Providing a long zoom in a small body, while also offering creative controls, is a tough thing to ask, but this is what is now demanded of a travel compact camera. Canon’s PowerShot range includes the company’s more creative compact models, such as the G12 and SLR-style SX30 IS. The SX230 HS sits just below these models and, like the S95, features the HS system for lower noise at high ISO, combining a high-sensitivity sensor and the Digic 4 processor.

Features and build

The camera’s HS sensor is a 12.1-million-pixel, 1/2.3in CMOS device delivering a 4000×3000-pixel image, purely as a JPEG in fine or normal compression. The lack of a raw option is a shame.

Sensitivity runs from ISO 100-3200, while the low-light scene mode allows up to ISO 6400 at 3 million pixels, which, given the downsizing, surely could have been pushed to ISO 12,800 or ISO 25,600. The lens gives a 14x zoom, ranging from 28-392mm (equivalent) with a maximum aperture of f/3.1-5.9.

The wideangle setting is limited compared to the 24mm offered by much of its competition, but, pleasingly, aperture selection can be selected in 1⁄3 stops, although only to f/8 even at its most extreme, leaving just a 2⁄3 stop between maximum and minimum apertures.

Metering offers a choice of evaluative, centreweighted or spot options, but where it gets interesting is in the choice offered by the focus. For single-point focus, only a central AF point can be selected, with other options available for face detection and AF tracking.

The size of the AF point can be changed between normal and small for more accurate selection, but the subject must be locked on in the centre and recomposed. This seems unusual, but on such a small camera it is probably faster than trying to adjust the focus point to the right area. Manual focusing is available using the rear control wheel for adjustment and a magnified central window to check focus.

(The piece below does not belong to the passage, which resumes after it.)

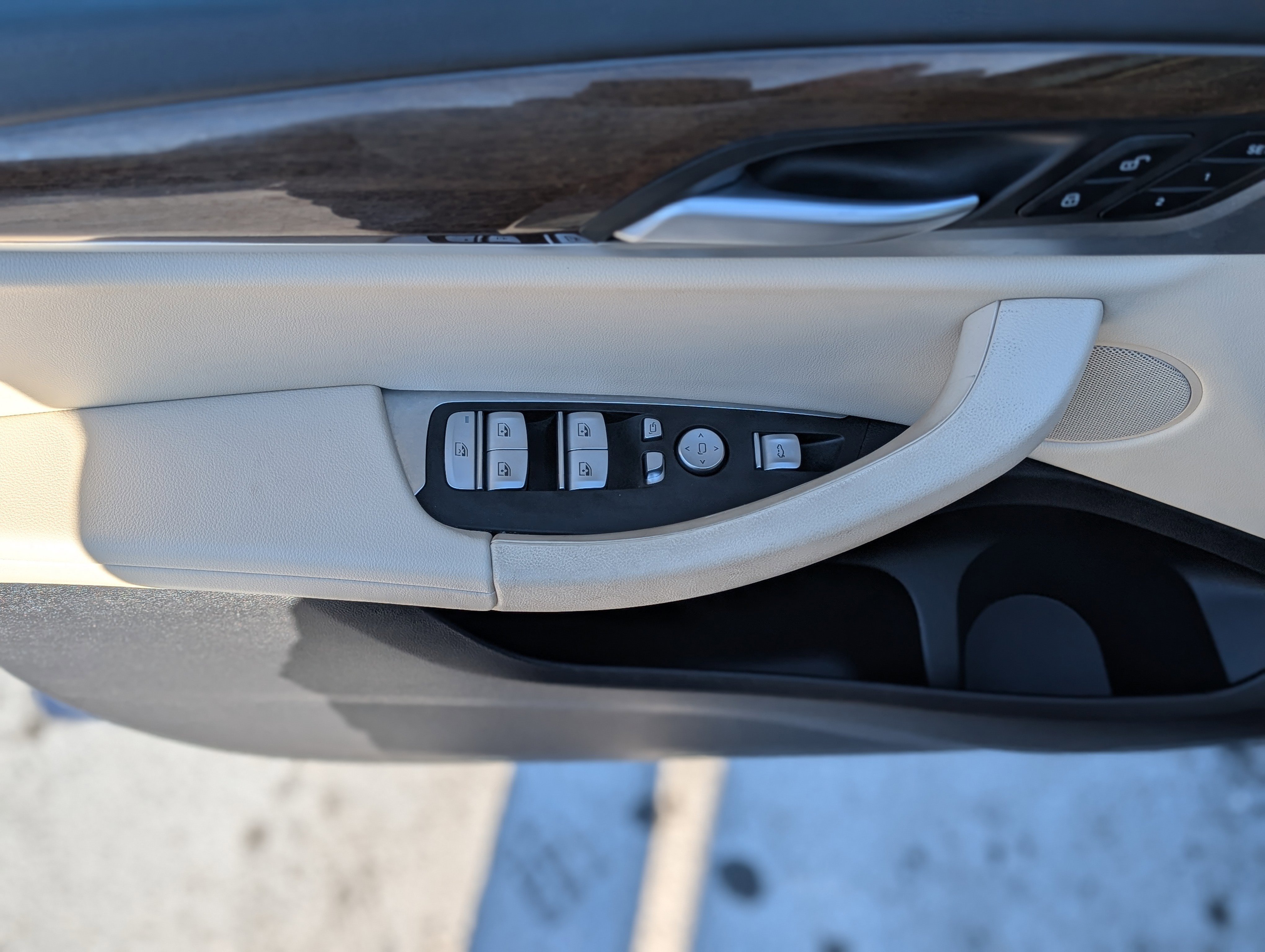 Used 2022 BMW X3 xDrive30i w/ Premium Package 2 image 32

Servo focusing is possible with continuous focus when the shutter is half pressed, but continuous focusing can be achieved without the shutter button being pressed – as with a video camera – which should help speed up the final focusing time. Continuous shooting is available at 3.2fps and, in the high-speed scene mode, can maintain an 8.1fps burst at 3 million pixels.

Shooting modes include manual, aperture and shutter priority, program, auto and a range of scene modes. Video capture is available in full HD (1080p) at 24fps and saved in QuickTime MOV format. The mode dial also features a dedicated super-slow-motion video mode at 640×480 pixels (120fps) or 320×240 pixels (240fps).

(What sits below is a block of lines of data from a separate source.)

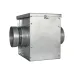 Фильтр ФЛК d200 Фильтр ФЛК d200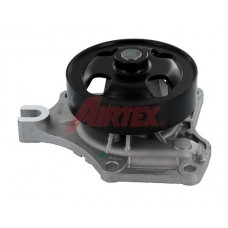 1831 AIRTEX Водяний насос охолодження двигуна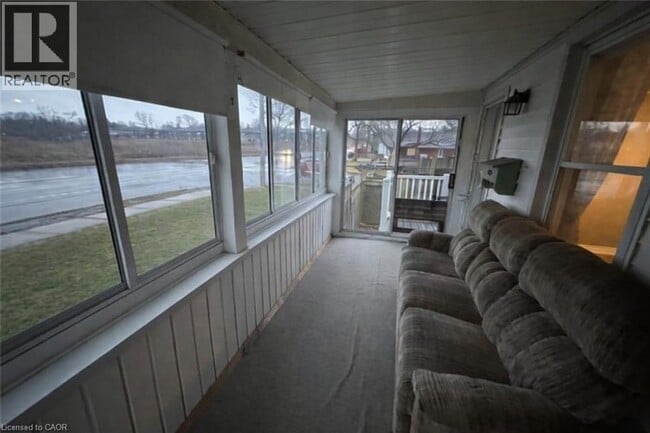 Building Photo - 5561 Dorchester Rd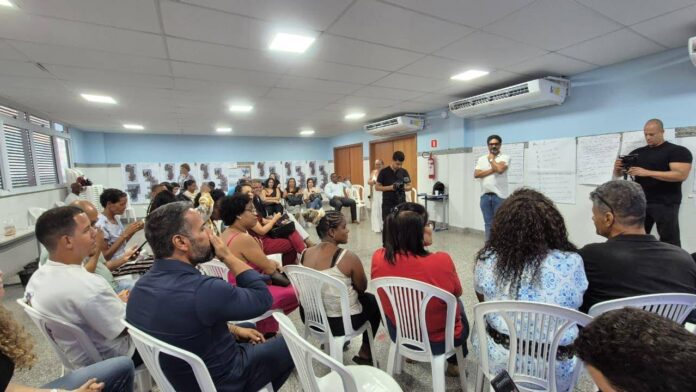 Oficina-participativa-PDDU-1.jpeg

The camera includes an integrated flash and a GPS receiver. An SX220HS model is also available without the GPS, but with otherwise identical specification. Although the rear of the body is dominated by the 3in, 461,000-dot LCD screen, the SLR-style shooting mode dial and rotating multi-controller button make operation simple. The control wheel isn’t marked with its quick functions and they only display on the screen when the camera is first turned on, which means picking the right control often takes a bit of guesswork.

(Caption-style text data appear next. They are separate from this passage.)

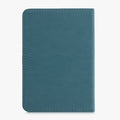 kwmobile Foldable Case Compatible with Tolino Shine (2013) Case - eReader Case - Cover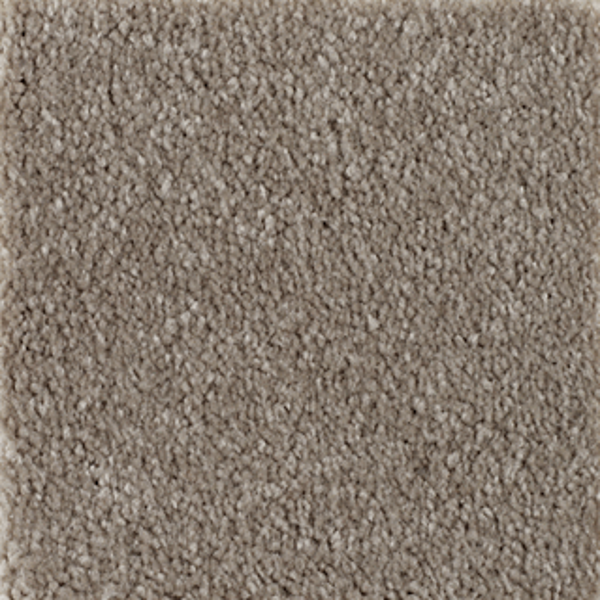 Mohawk Carpet Homefront III Wool Sock Mohawk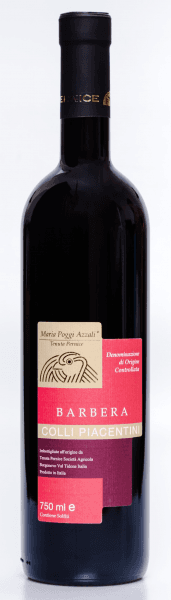 Immagine drink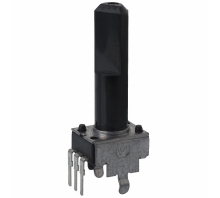 EVU-F3AF30D53 Image.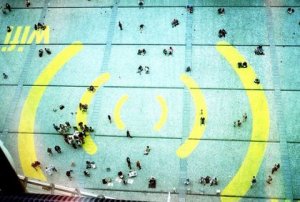 Il 2011 deve essere l'anno dell'Italia digitale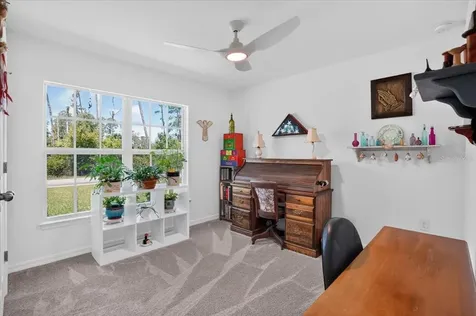 2362 Hagoplan Lane North Port FL 34288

Performance and image quality

The autofocus system is fast and effective, and is aided by a strong AF illuminating lamp for low light. Images from the SX230 HS are bright and punchy, with a crisp sharpness, suggesting serious in-camera processing.

The evaluative metering performs very well, leaving an evenly distributed range of tones, although highlights are often clipped slightly to the general benefit of the scene. Those who prefer to keep these can easily reduce the exposure compensation by 1⁄3 stop.

My Colour mode provides a range of options to boost the colours further via vivid, tone them down with neutral or use one of the other nine settings, including b&w. On our resolution chart at base ISO 100, the camera recorded up to 22.

The HS system does a good job of maintaining a reasonably high level of detail until ISO 1600, but showed significant fall-off at ISO 3200. Noise reduction is also present in scenes from ISO 400, although in our portrait shots taken at ISO 800 the images remain smooth and detailed.

Image: Even in portraits taken in low light at ISO 800, noise is well controlled


This is a practical and affordable travel compact with plenty of features to keep the more advanced user occupied.

It would be nice to see a more extensive aperture range, greater ISO span and performance, as well as the inclusion of raw capture but, as pocket compacts go, the Canon PowerShot SX230 HS is a sound choice.